With such words do angels of the Lord ensnare the ingenuous into contentment.

In corroboration of this truth, a raven met me, eye to eye. Envious bird to envious brother. Reluctant propagator to one who could not be certain he was meant to propagate at all.

Why, if my eye was open, the raven wondered, was I sitting quite so still?

In order, I answered, not to spill my brother.

The raven dropped his head on to one shoulder and eyed me with horizontal scorn.

He knew something about death I didn’t. But then so did the meanest maggot I trod on in my garden. We had no experience of it among ourselves. No one had lectured us on the subject. No one had said whether we were built to go the way of Abel’s flock — a bleat, a gush of blood, and then up in smoke to please the nose of God; or whether life would drip out of us, in a crimson trickle, like wine from a punctured wineskin. We had been left untutored in mortality. I held Abel hushed and moveless in my arms to keep the life steady and irreducible within him.

The sky would not progress into darkness. The sun had gone, but everything else — moon, stars, wind, the black that normally superseded purple — hung in a suspense that was more respectful than expectant. An evening such as this, perhaps this very evening exactly, had been long awaited. And eventuation commands deference. A ghastly, formal surpriselessness spread inexorably into every corner of the night, like a last reprimand to doubters, like a proof too damning to be questioned, like the final reassertion of absolute power.

Only the ravens wondered what the long lingering of half-light held for them.

In time — although all usual measurement of time had stopped — the raven to whom I had confessed my ignorance of death began scratching in the soil. I took him to be after worms or shard beetles or some other vileness mirroring the mind of God, but conscientiously though he clawed, he never once looked to see what he’d unearthed, never once removed his gaze from mine. His expression was serious, reflective, fretful, not lacking in rapacity but requiring me to grasp that rapacity was not the first and last of his character. I also have it in me to be of use, the eye said. I am the enemy of angels, just like you. Learn, then, from me. Scratch, scratch, scratch as I do, and all may yet be well.

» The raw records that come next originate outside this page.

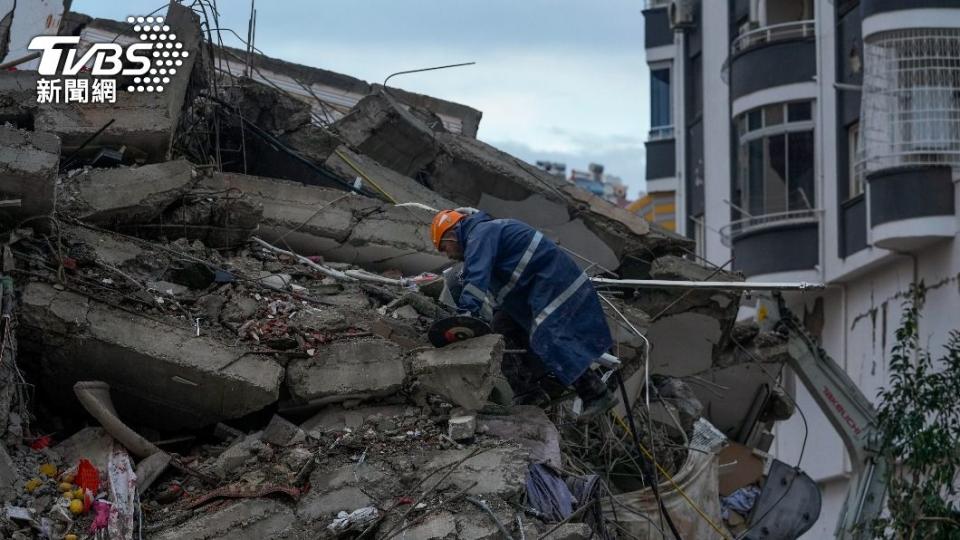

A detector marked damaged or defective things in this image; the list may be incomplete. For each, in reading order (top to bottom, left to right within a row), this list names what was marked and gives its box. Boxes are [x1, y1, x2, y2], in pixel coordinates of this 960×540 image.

broken concrete beam [0, 124, 59, 228]
cracked concrete wall [0, 124, 59, 228]
broken concrete beam [57, 160, 196, 228]
cracked concrete wall [202, 173, 450, 272]
broken concrete beam [203, 172, 450, 274]
broken concrete beam [330, 91, 436, 177]
broken concrete beam [324, 146, 456, 209]
broken concrete beam [19, 282, 282, 430]
cracked concrete wall [18, 282, 284, 430]
broken concrete beam [284, 340, 404, 402]
broken concrete beam [410, 334, 506, 410]
broken concrete beam [152, 498, 294, 540]
broken concrete beam [294, 462, 384, 520]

It was only then that it occurred to me that I had done something that needed to be hidden. Did I suppose, with the whole of heaven watching, that I could conceal my brother, as the bird advised, and go on as though nothing out of the ordinary had happened? Of course not. I knew how comprehensively I’d been observed. But I had at last to put Abel down. My arms were tired. He was tired. It was necessary that I lay him somewhere. And while I believed I was ready to withstand whatever questions the Holy Inquisitor was soon to hurl at me, I felt less confident about meeting the wailings of my mother and father. I could not say to them, as I could to Him, this is Your doing, for the reason that they were His doing too.

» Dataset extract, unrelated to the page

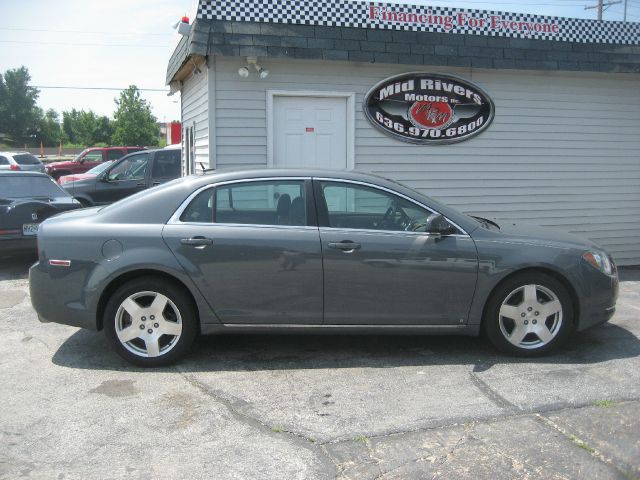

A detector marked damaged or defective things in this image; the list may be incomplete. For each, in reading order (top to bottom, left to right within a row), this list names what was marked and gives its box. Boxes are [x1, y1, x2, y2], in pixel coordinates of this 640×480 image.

It was from them I had to hide Abel.

But I could not lay him in the earth.

The raven’s eye grew more livid. Scratch, it said, scratch if you value your immunity. Scratch if you value your good name. But how was I to tell a raven that I could no more claw the earth with my fingers than I could receive spittle from his throat?

Scratch, scratch, said the raven.

I cannot, replied the man.

Then my friends and I will do it for you, coward, scoffed the bird.

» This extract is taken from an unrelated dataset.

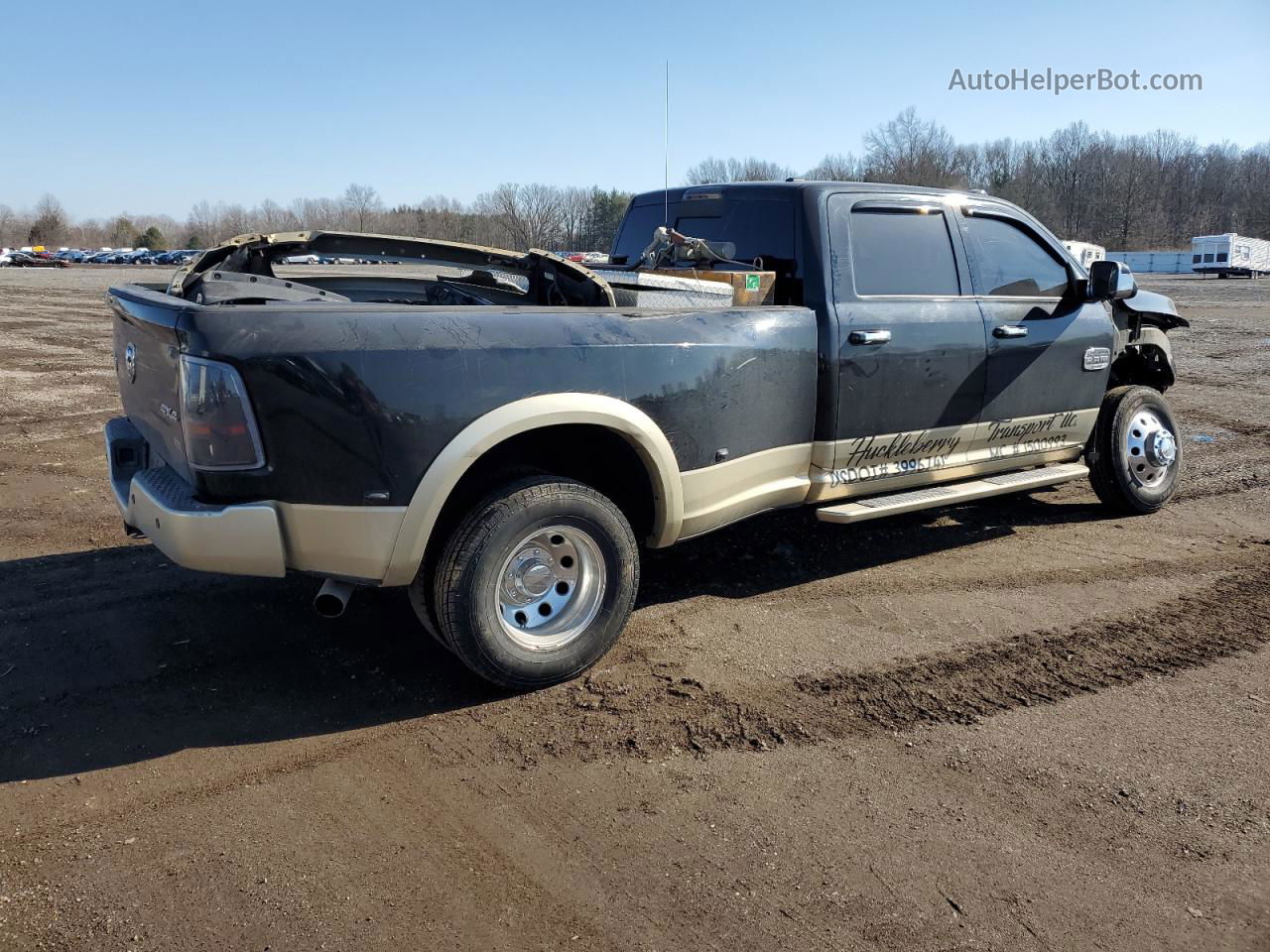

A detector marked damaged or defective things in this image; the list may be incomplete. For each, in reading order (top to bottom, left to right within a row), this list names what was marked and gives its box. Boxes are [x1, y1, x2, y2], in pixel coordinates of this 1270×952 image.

damaged pickup truck [103, 179, 1183, 685]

We sat in unblinking silence, we two brothers, and watched the ravens excavate. Their envious natures made them competitive. Jealous of the sharpness of one another’s beaks, they attacked the ground as though it were their enemy, perforating the soil with a ferocity that must have made the writhing worms beneath fear Armageddon had begun. We sat as still as owls, smelling dung and loam, listening to the breaking of beetles’ backs, the splintering of shields and shells, the juicy skewering of slugs. Until at last there was a shallow trench the size — the length and depth, the shape — of Abel.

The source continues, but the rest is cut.